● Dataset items
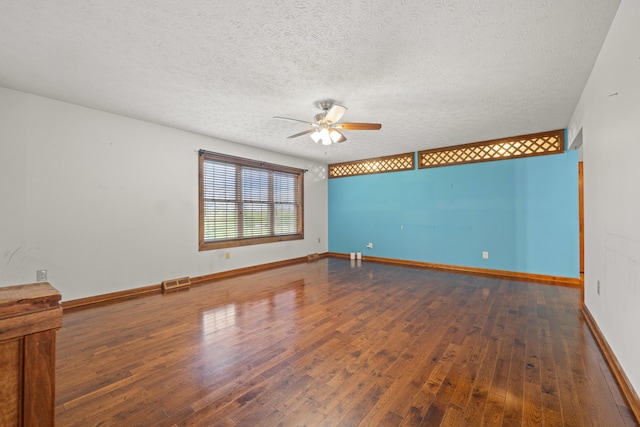 140 Adams Ln, Richmond, KY 40475 - unfurnished room with a ceiling fan, wood-type flooring, a textured ceiling, and baseboards
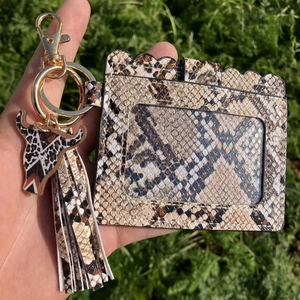 Detail of snake pattern PU card holder with tassel and ox head pendant on keychain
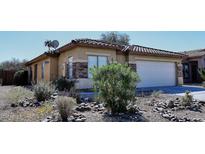 Charming single-story home featuring desert landscaping, a tiled roof, and a two-car garage at 43857 W Bedford Dr, Maricopa, AZ 85138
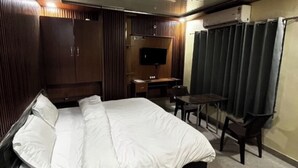 A bedroom with a large bed, a desk, a chair, a TV, and a window with curtains. - Hotel Doon Lotus (Dehradun)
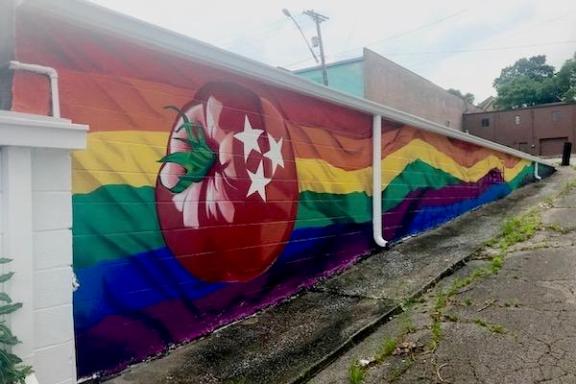 colorful graffiti on the side of a building
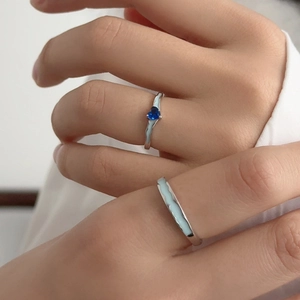 S925 silver couple rings set with heart-shaped blue zircon and wave texture design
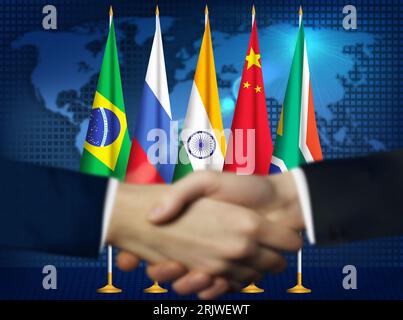 Two person shaking hands in front BRICS countries flags.Brazilian,Russian,Indian,Chinese,South African flags together Stock Photo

● WHAT TO PRODUCE
The expected output is the exact run of lines from the one containing "Detail of snake" through the final line of the data above, both ends included, with no pictures.

● TASK ANSWER
 Detail of snake pattern PU card holder with tassel and ox head pendant on keychain
 Charming single-story home featuring desert landscaping, a tiled roof, and a two-car garage at 43857 W Bedford Dr, Maricopa, AZ 85138
 A bedroom with a large bed, a desk, a chair, a TV, and a window with curtains. - Hotel Doon Lotus (Dehradun)
 colorful graffiti on the side of a building
 S925 silver couple rings set with heart-shaped blue zircon and wave texture design
 Two person shaking hands in front BRICS countries flags.Brazilian,Russian,Indian,Chinese,South African flags together Stock Photo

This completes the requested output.